Neither are we, so in the bromantic spirit of Universal’s new comedy The Change-Up starring Jason Bateman and Ryan Reynolds as body-swapping buddies, we’ve each generated a list of five actors whose bodies and abilities we wouldn’t mind inhabiting for awhile (or forever). We also provide two very different perspectives on motivations for body-swapping.
Steven’s Top Five
For one thing, it would definitely be cool to be of a different race, so if I had to take my pick, I’d want to be the most badass all non-Caucasians. I can’t even fathom the confidence boost of being able to scare the living crap out of anyone on a dime and just getting mad respect in general. From an acting standpoint, no one ever disses Denzel’s performance even if his movie is so-so. That’s cool.
Max thinks: If you wanted to switch different skin tones, I don’t think I’d go for Denzel, as much love I have for him. I’d have to go to the bigger badass, and that’d be Samuel L. Jackson. However, it comes with a catch: I want the eye patch. And hair. I like my hair.
Have you seen these pictures of Bane? In the parka I’m not so sure, but Tom Hardy’s jacked silly. Plus, if I were to switch with him right now, I’d get to act in The Dark Knight Rises and that would be worth it in and of itself. Considering he’s Hollywood’s next big action hero, it would be amazing to be him entering his prime and get calls about offers to be in all the most awesome projects. And I’d get the accent — bonus.
Max thinks: Woof. I know that might freak some of our readers out, but I can’t help it. Woof. I couldn’t switch bodies with Hardy; I’d never get out of the house.
I’d be laughing at myself if this were 1997, but Leo’s got some of the most respect, talent and as we’ve just recently learned, money (thanks to Inception) in Hollywood. And you know one of these days he’s going to win the Oscar. Little known fact: I’ve always wanted to deliver an Oscar acceptance speech. Leo gives me a pretty damn good shot. Also, though they split last May (reportedly), Leo has been dating Israeli supermodel Bar Refaeli (teased above, but Google Sports Illustrated Swimsuit Cover 2009 and click “images”) and I would love me some of that.
Max thinks: I cannot deny his chops, though I don’t know if I’d ever want to be associated with Titanic. Still, Leo — one of few celebs on a first name basis with the public — has the charm and charisma of Old Hollywood, and we can’t deny how great that would be.
I want to know what goes on in this guy’s head, for one thing, as he’s always totally goofy in person. At the same time, he’s one heck of an actor and a perennially eligible bachelor, which has to have its perks. Clooney’s a man’s man and can charm the pants off any woman aged 18-65. He’s also a fine director and producer, which means I’d be gaining some pretty awesome experiences and skill sets.
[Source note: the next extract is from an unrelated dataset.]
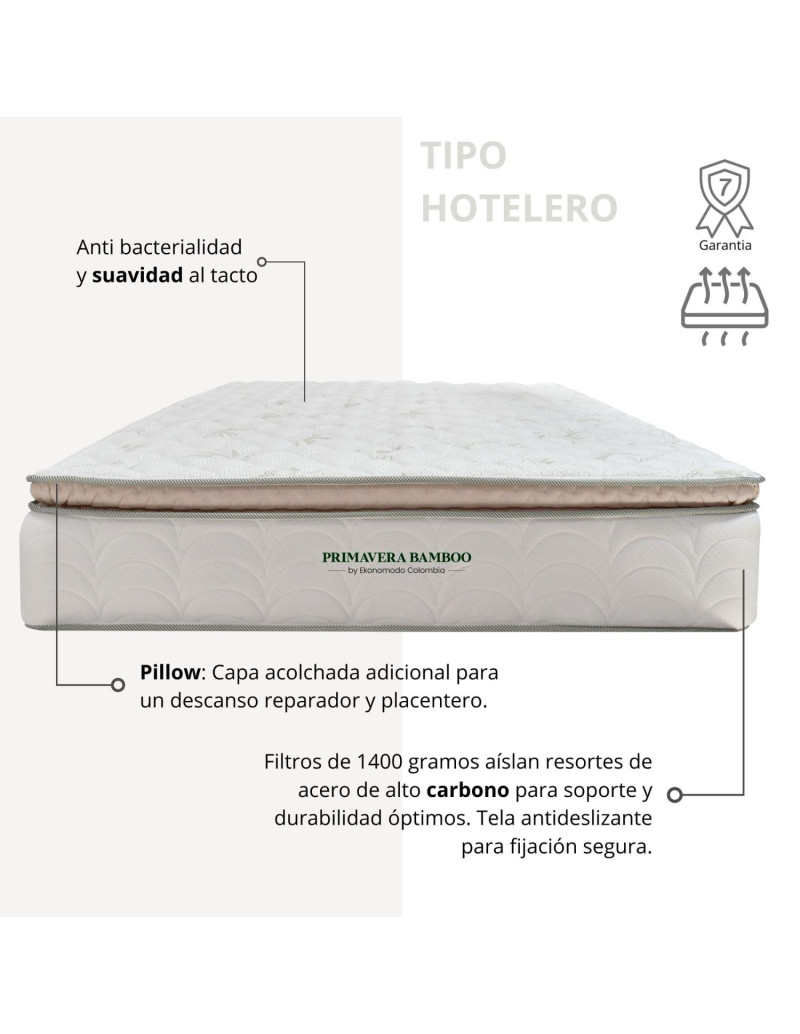 Combo Mousai Cama Semi Doble + Colchon 1 Pillow 26 Cm + Cabecero Café Gratis Sabanas 300 Hilos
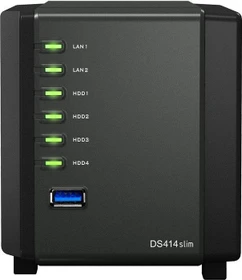 Synology DiskStation DS411slim, 256MB RAM, 1x RJ-45 1000Base-T, 2x USB-A 2.0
Max thinks: I don’t want his charm or women, so I’ll fax that over to you, friend. What I would take away is his underused abilities in direction and producing. Good Night and Good Luck is one of my favorite films in the last 10 years, Ides of March is looking promising (hello Mr. Gosling!) and there’s no denying his spot in the industry is bulletproof.
In the looks department, Jakey has it covered. I would probably stare at myself for hours on end, as creepy as that sounds and is. He oozes charm, has intangible leading man talent and he’s got those irresistible baby blues … Yes, I’m the straight one, but I’m confident enough in my sexuality to say that Gyllenhaal’s a beautiful, beautiful man. No shame in admitting that. Anyway, provided I don’t go the path of Narcissus upon entering his body, I’d make damn good use of it.
Max thinks:It’s got to be hard actually, to have eyes that blue. I’d be using them to stare at others, drawing them to me. I’ve always had a major crush on this guy. Plus, maybe I’d get to mess around with the time vortex. He did a movie on that, plus he’s insanely hot. Surely that has to break a few laws of time and space.
Max’s Top Five
Neil Patrick Harris
Can’t say how I’d look as a blonde, but who better to switch with than Harris? He’s got the charm, the talent, the hot husband and an army of fans that seems to be growing every day. Not to mention he’s one of Time’s Most Influential and gets paid just to show up to places: bonus pay if he brings the hot husband. Plus, I could always moonlight as the awesome Dr. Horrible, so what’s not to love in a switch like this?
Steven thinks: I’ll fax the husband back your way, friend, but no one’s becoming more well-loved in the public eye (and across age gaps) than NPH right now. He’s super talented and is bound to have his own talk show one day. That said, I’ve no interest in being called Doogie Howser everywhere I go.
Uhhh … look at him. Seriously, look hard. Why wouldn’t you? If the face wasn’t enough, he boadts a remarkable eclectic resume for the crop of current-gen actors and he’s only looking to pick up more steam. With critical accolades and future tentpole projects falling at my feet … yeah, I’d take/hit that.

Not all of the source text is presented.